Introduction

Astronomy has historically been one of the most data intensive fields & a major chunk of this data is collected as images collected by a number of telescopes - terrestrial as well as in space. A BIG data-project which aims to collate this data from various sources to form a coherent picture of the universe is Sloan Digital Sky Survey.

To quote the project website:

The Sloan Digital Sky Survey has created the most detailed three-dimensional maps of the Universe ever made, with deep multi-color images of one third of the sky, and spectra for more than three million astronomical objects. Learn and explore all phases and surveys — past, present, and future — of the SDSS.

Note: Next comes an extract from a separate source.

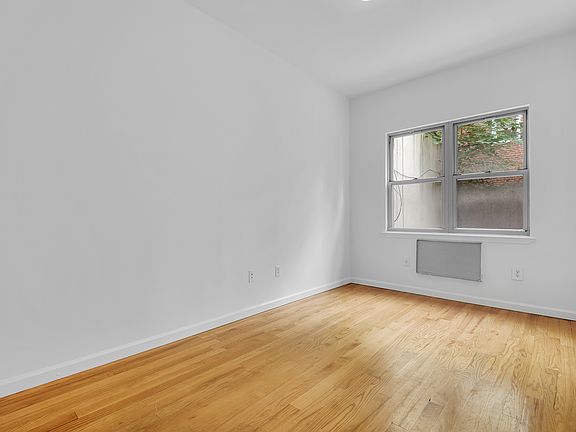 5th image of 363 Franklin Ave #1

A citizen science project called Galaxy zoo was launched in 2007, through this project thousands of volunteers classified 100k+ images of galaxies. A flow-chart of questions asked to volunteers shown on the project website is as follows.

Galaxy Zoo decision tree

Data Description

The dataset consists of 100k+ jpeg images and the corresponding score vector for each image. The score vector has 37 values where each value represents the weighted score from volunteers in the project.

The important point to remember is that the scores aren’t probability score per se. They are weighted scores & so they vary from 0 to 1 but all sub scores for a question don’t necessarily sum up to 1 as a rule.

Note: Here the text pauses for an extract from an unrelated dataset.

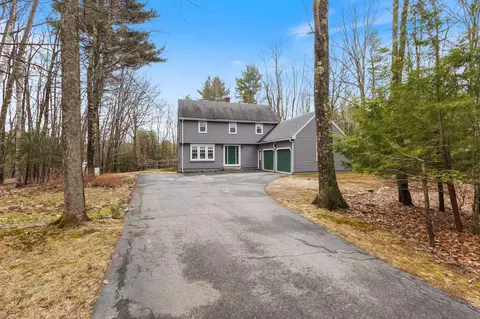 16 Richard Rd, Gorham, ME 04038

Each image is of size 424×424×3 and each value is between 0255. A good practice is to rescale the data. In our experiments, we normalize the images by computing $\mu_\text{channel}$ and $\sigma_\text{channel}$ over the full dataset, then normalizing each channel using its corresponding $\mu$ and $\sigma$. The channels and cell values do not represent the physical aspect of data collection — they are standardized to the accepted image format range of 0255 — so the normalization is more of a hack for better gradient updates than a domain-knowledge-based modification.

A few sample images from the dataset:

Galaxy sample

These images are read in as numpy arrays in python with the following representation:

Numpy array

Fully Convolutional Classifier

A convolutional network takes in your image array as input extracts features from this array which best represents the task at hand & then gives out a classification/regression output. Standard classification models use one-vs-rest scheme to represent output for an elegant representation of the classification task. In this form, the correct class is assigned 1 while other possible classes in the dataset are assigned 0. The output vector is of length c, where c is total number of classes in the dataset.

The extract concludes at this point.